Random Farris Curves

// Mathematician Frank A. Farris of Santa Clara University found the formula for these mystery curves which have five-fold rotational symmetry.  

// https://mathlesstraveled.com/2015/06/04/random-cyclic-curves-5/ 

​

// Create text object

PFont myFont = createFont("Arial Bold", 20, true);  

textFont(myFont); 

let hu = 0;    // hue

​

void setup() {

  size(1112, 834);

  colorMode(HSB, 255);

  rectMode(CENTER);

  smooth();

  noLoop();

}

​

void draw() { 

  background(255);  

  // Get random numbers

  int a = (int)random(0,5);

  int b = (int)random(1,10);

  int c = (int)random(-20,-30);

  int d = (int)random(0,20);  

  /*fill(0);

  text("a: " + a, 10, 20);  

  text("b: " + b, 10, 40);    

  text("c: " + c, 10, 60);    

  text("d: " + d, 10, 80);*/

    // Invert the y axis

  scale(1, -1);

  translate(0, -height);

  // This centers what is drawn

  translate(width / 2, height / 2); 

  strokeWeight(2); 

  //stroke(0,0,0); 

  fill(255);

  // Add the points

  int[] t = linspace(0, 2 * Math.PI, 1000);

  for(int i=1; i < 1000; i++) {

    complex ft = Swirly(t[i], a, b, c, d);

    stroke(i/1000*255, 255, 200);

    ellipse(ft.x * 200, ft.y * 200, 50, 50);

  } 

} 

​

// Returns evenly spaced numbers over a specified interval. 

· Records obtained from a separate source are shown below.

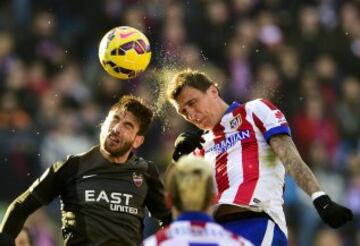 Remates de cabeza: El jugador croata del Atlético de Madrid Mario Mandzukic encabeza la lista con 16 remates.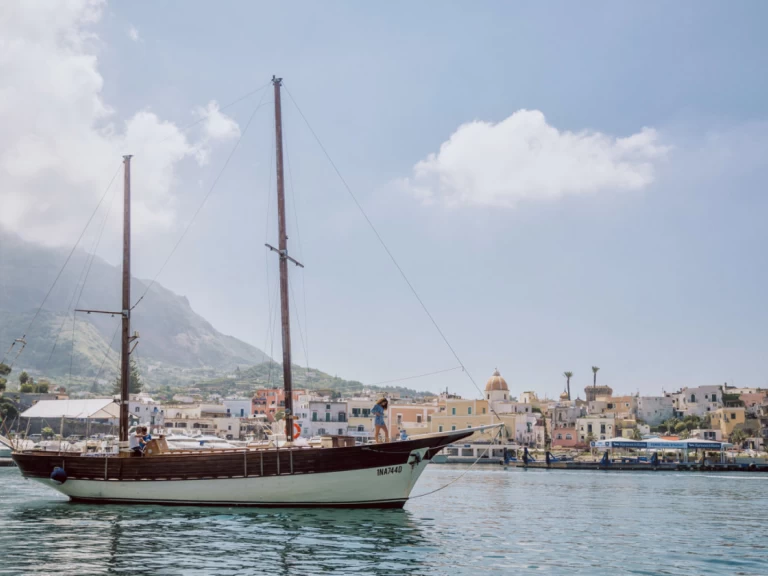 Yacht charter Forio cheap Goletta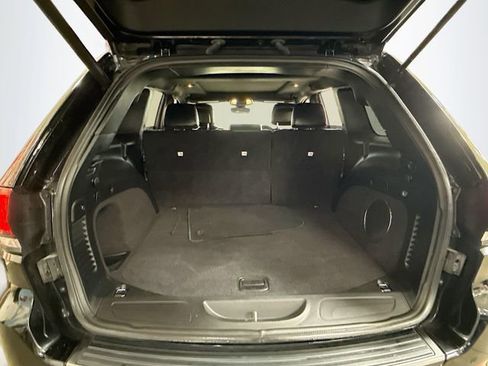 Used 2020 Jeep Grand Cherokee Limited X image 27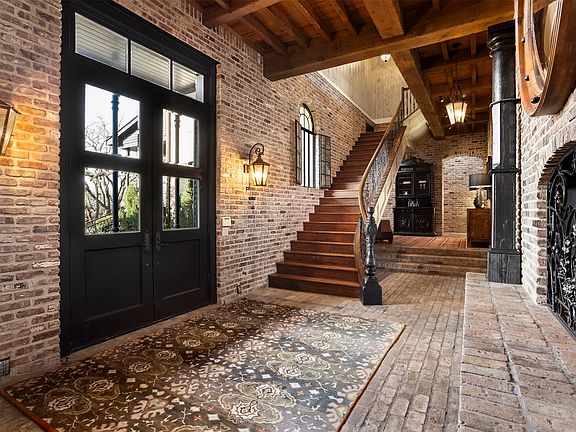 5th image of 1096 Roadrunner Rd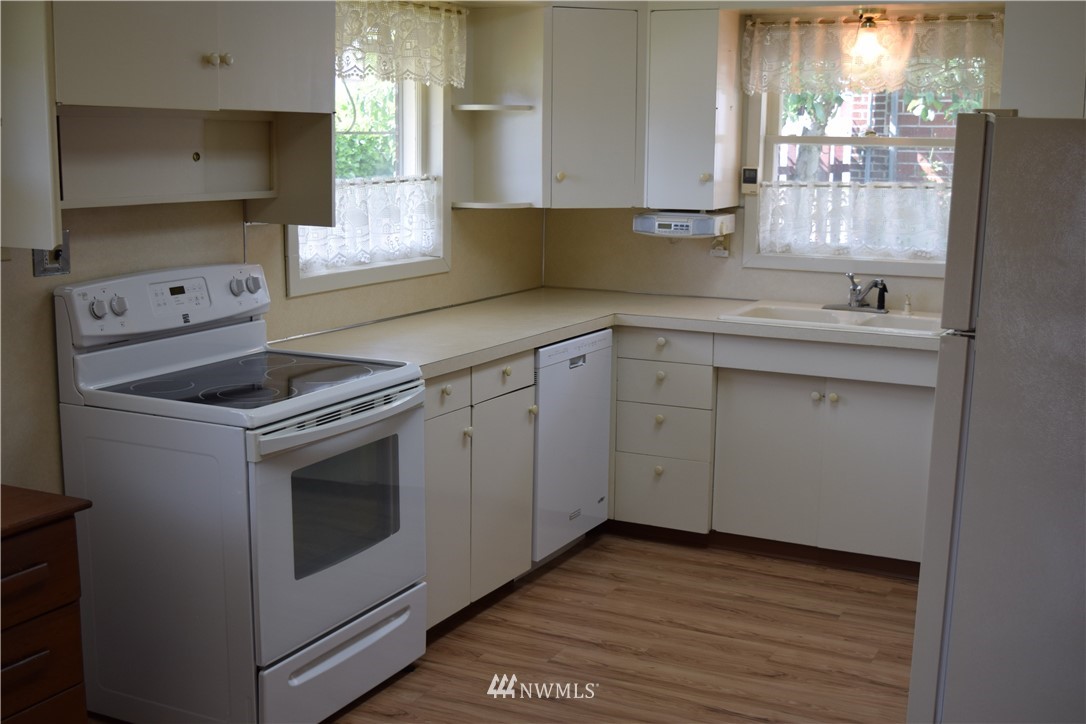 124 Southwest Alfred Street Chehalis, WA 98532 - Photo 3 of 21 Gallery Image 3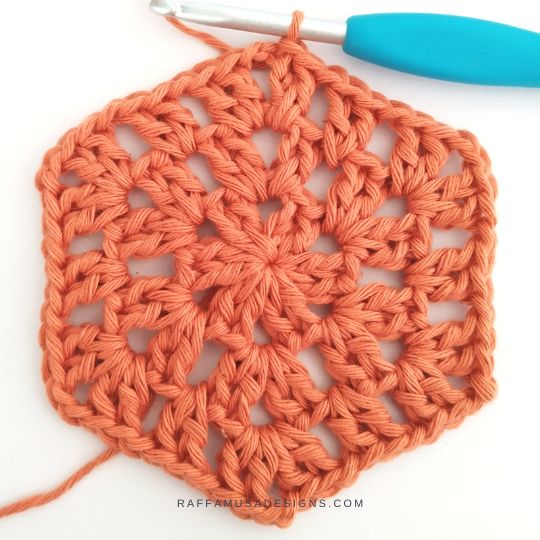 Crochet Granny Stitch Hexagon - Raffamusa Designs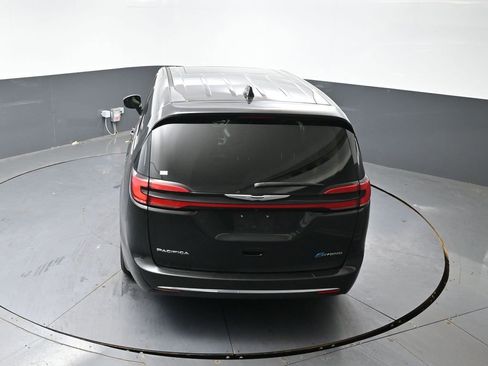 Used 2023 Chrysler Pacifica Limited image 23
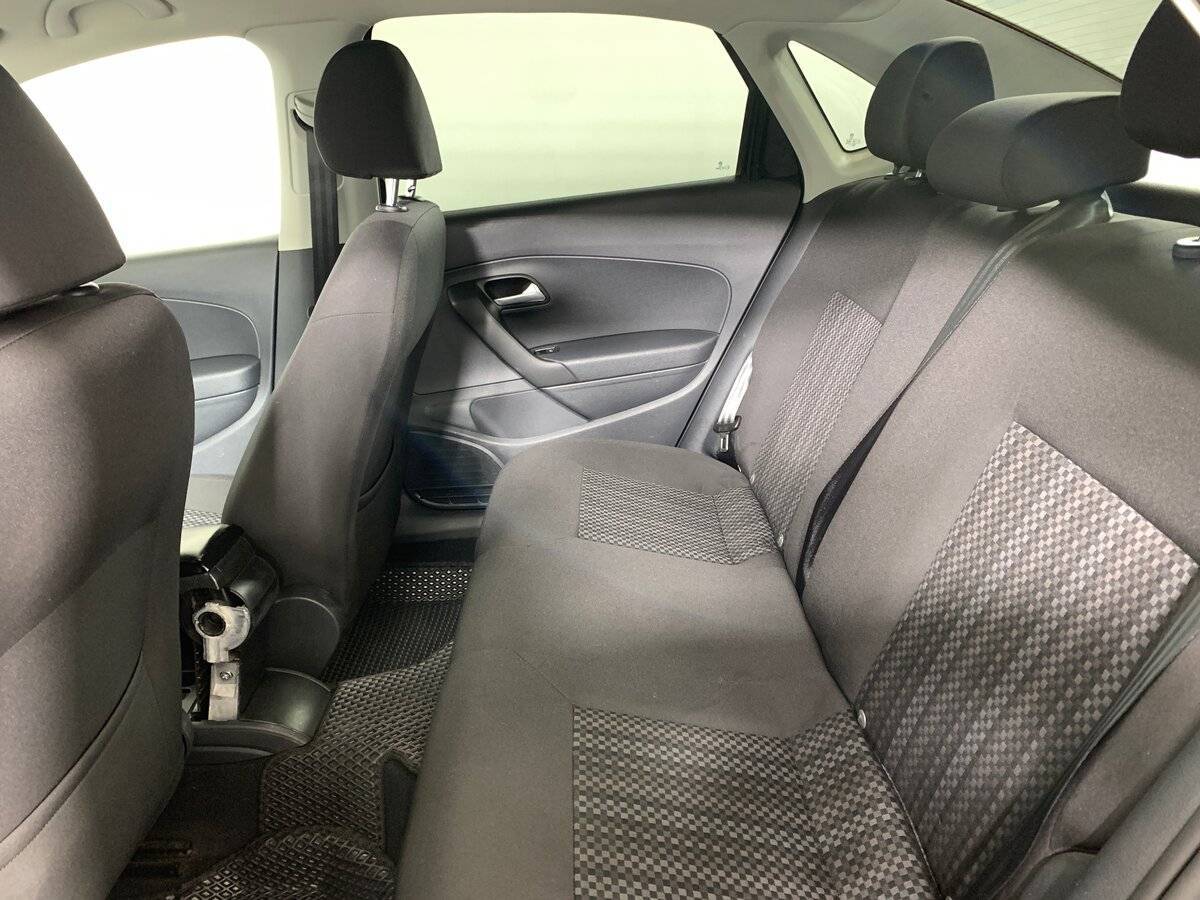 Volkswagen Polo, 2018 Фото №17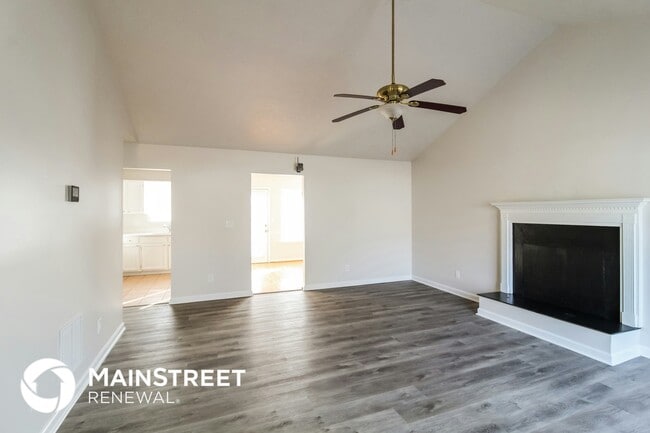 Photo - 5960 Farmbrook Ln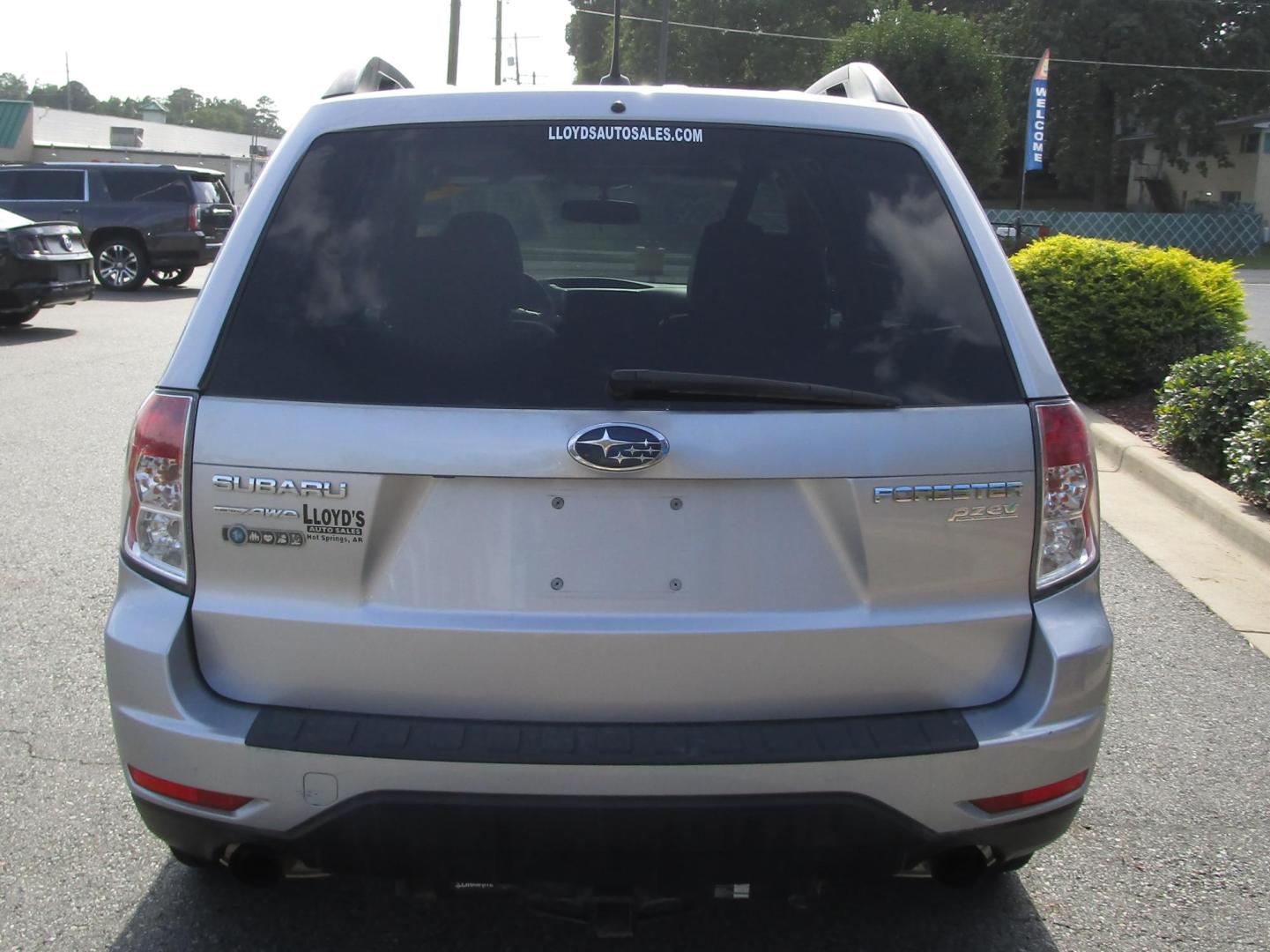 2013 SILVER /Black / Leather Subaru Forester 2.5X Limited (JF2SHAEC7DH) with an 2.5L H4 SOHC 16V engine, Continuously Variable Transmission transmission, located at 1814 Albert Pike Road, Hot Springs, AR, 71913, (501) 623-1717, 34.494228, -93.094070 - 2013 Subaru Forester 2.5X Limited. 4 Door SUV 2.5L H4 F SOHC 16V Gasoline All Wheel Drive - Photo#5
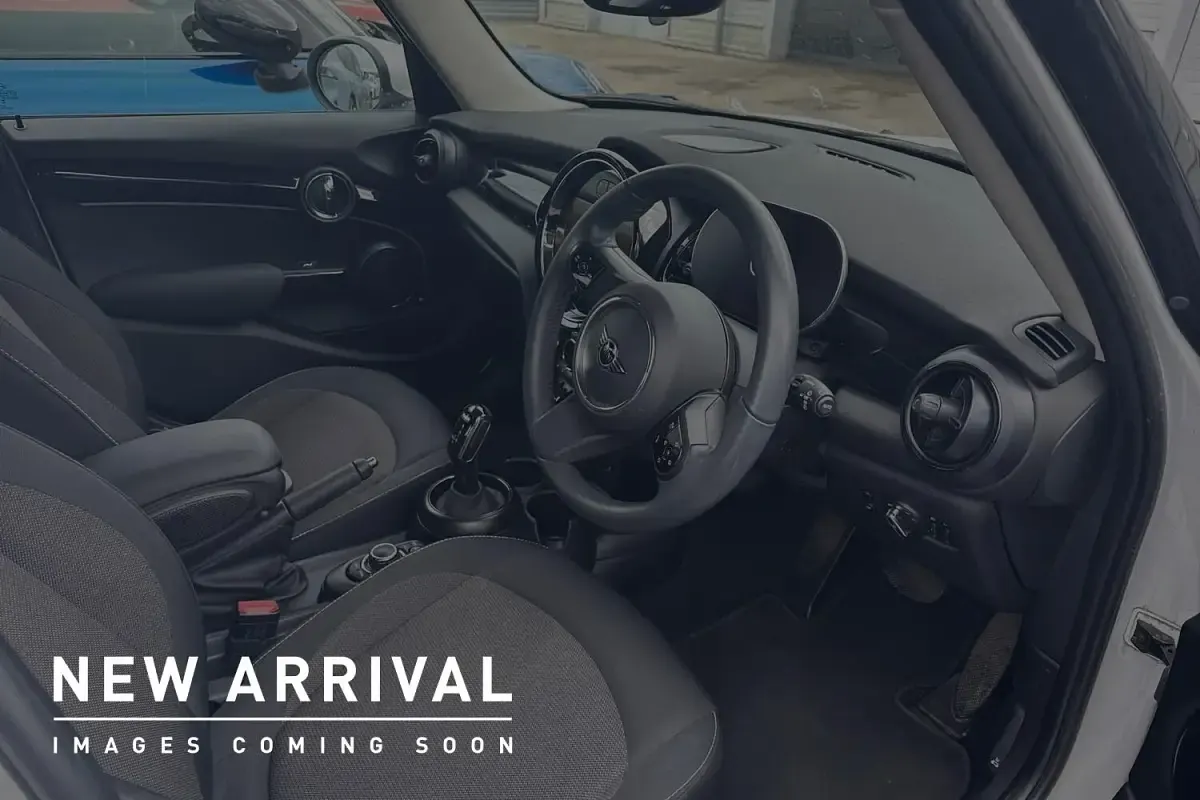 Usado Mini Cooper Classic 134 HP (98 kW) 2023 Branco Citadino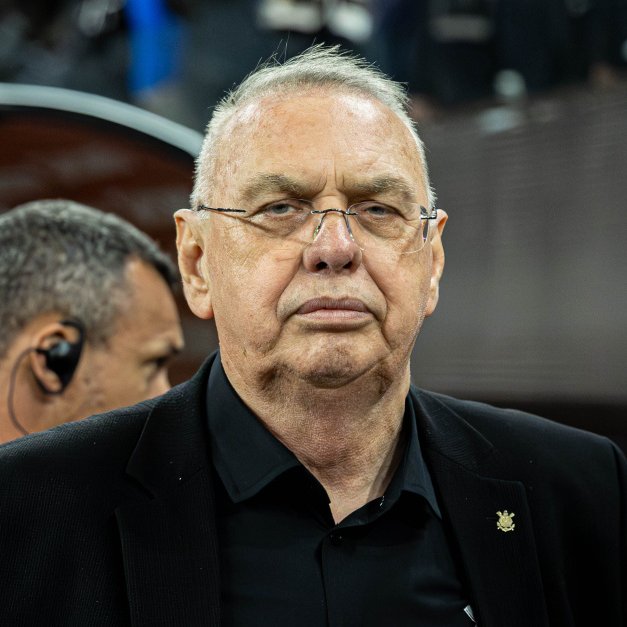 MeuTimao's tweet photo. ⚖️ | Ética do Corinthians marca oitivas sobre contratação de empresas de segurança para Osmar Stabile.

A Comissão de Ética e Disciplina (CE) do Conselho Deliberativo (CD) do Corinthians agendou para o dia 13 de outubro, uma terça-feira, às 19h10, uma série de oitivas na sequência do processo interno que analisa a contratação de empresas de segurança durante a gestão do presidente Osmar Stabile. A informação foi divulgada inicialmente pela Central do Timão e confirmada pelo Meu Timão.

Conforme apurado pela reportagem, o órgão, presidido por Leonardo Pantaleão, convocou o presidente Osmar Stabile, Fábio Soares, então diretor administrativo, e Fernando José da Silva, conhecido como Nandão, responsável pela Mega Assessoria Operacional Ltda., para a audiência, que será realizada virtualmente.

O procedimento analisa questões relacionadas à contratação das empresas Bear Security e Mega Assessoria Operacional Ltda. Osmar Stabile, na condição de representado, poderá apresentar defesa oral ou escrita, além das provas que considerar pertinentes.

📸 Danilo Fernandes / Meu Timão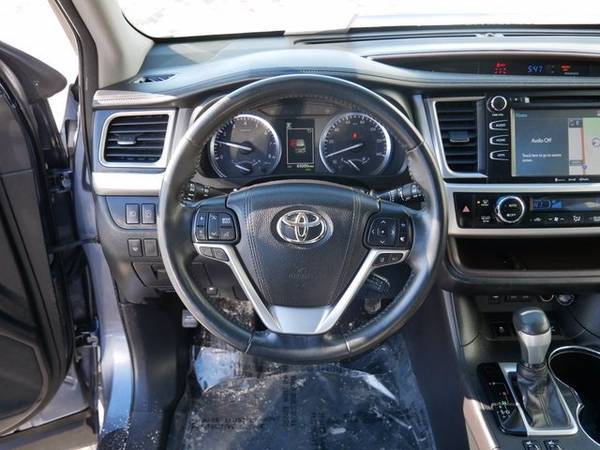 2018 Toyota Highlander - - by dealer - vehicle for sale in Burnsville, MN – photo 21
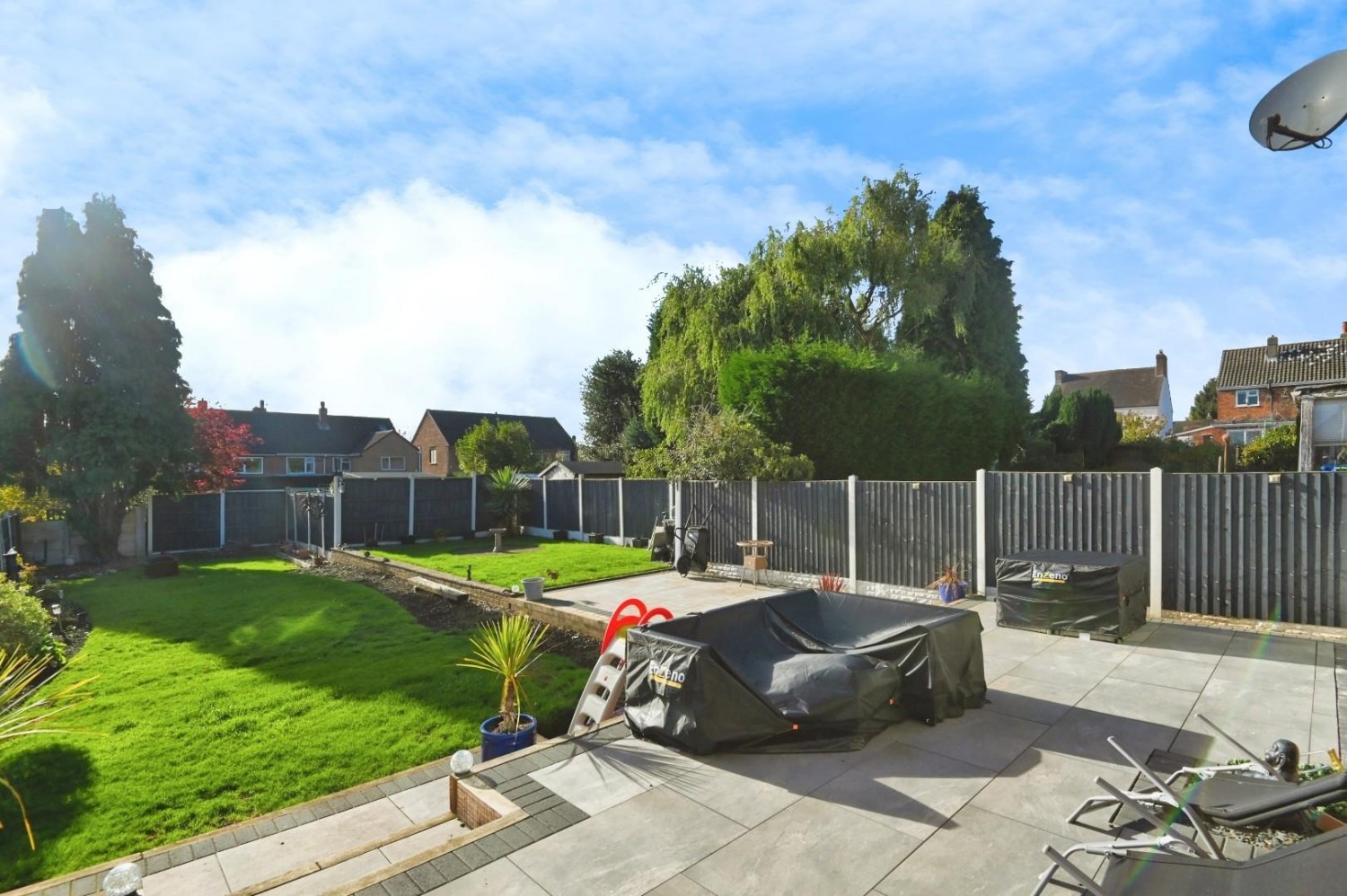 3 bedroom House for sale in Stephenson Close, Glascote, Tamworth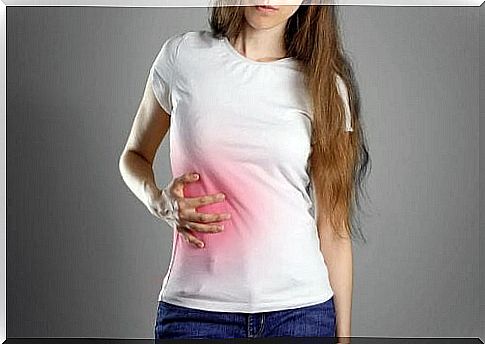 woman with liver pain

// Based on numpy.linspace from Python

function linspace(float min, float max, int points) {  

    double[] d = new float[points];  

    for (int i = 0; i < points; i++){  

        d[i] = min + i * (max - min) / (points - 1);  

    }  

    return d;  

}  

​

// The function which does the complex number calculations

function Swirly(float t, float a, float b, float c, float d) {

    complex j1 = new complex(0, 1);

    complex objComplexTemp = j1.times(t).times(a);

    complex r1 = objComplexTemp.exp();

    objComplexTemp = j1.times(t).times(b);

    complex r2 = objComplexTemp.exp().divides(2);   

    objComplexTemp = j1.times(t).times(c);

    objComplexTemp = j1.mult(objComplexTemp.exp());

    complex r3 = objComplexTemp.divides(3);         

    objComplexTemp = j1.times(t).times(d);

    complex r4 = objComplexTemp.exp().divides(4);   

    complex objComplex = r1.minus(r2).add(r3).add(r4);

    return objComplex;  

} 

​

// Redraw the design with every mouse click

let lapse = 0;    // mouse timer

void mousePressed(){

// prevents mouse press from registering twice

  if (millis() - lapse > 400){

    redraw();

    lapse = millis();

  }

}

​

// Complex numbers for JavaScript with a few added operations

function complex(x,y) {

  this.x = x;

  this.y = y;

  this.add = function(z){

    return new complex(this.x + z.x,this.y + z.y);

  }

  this.minus = function(z){

    return new complex(this.x - z.x,this.y - z.y);

  }

  this.mult = function(z){

    return new complex(this.x * z.x - this.y * z.y ,this.x * z.y + this.y * z.x);

  }

  // Complex number times an integer

  this.times = function(float z){

    return new complex(this.x * z, this.y * z);

  }

  // Complex number divided an integer

  this.divides = function(float z){

    return new complex(this.x / z, this.y / z);

  } 

  // Complex number exponentiation

  this.exp = function(){

    return new complex(Math.exp(this.x) * Math.cos(this.y), Math.exp(this.x) * Math.sin(this.y));  

  }  

  this.scale = function(s){

    return new complex(this.x * s  ,this.y * s);

  }

  this.sq = function() {

      return this.mult(this);

  }

  this.sqrt = function() {

      var r = sqrt(this.modulus());

      var arg = this.arg()/2.0;

      return new complex(r*cos(arg),r*sin(arg));

  }

  this.modulus = function() {

      return sqrt(this.x * this.x + this.y * this.y);

  }

  this.arg = function() {

      return atan2(this.y,this.x);

  }

​

}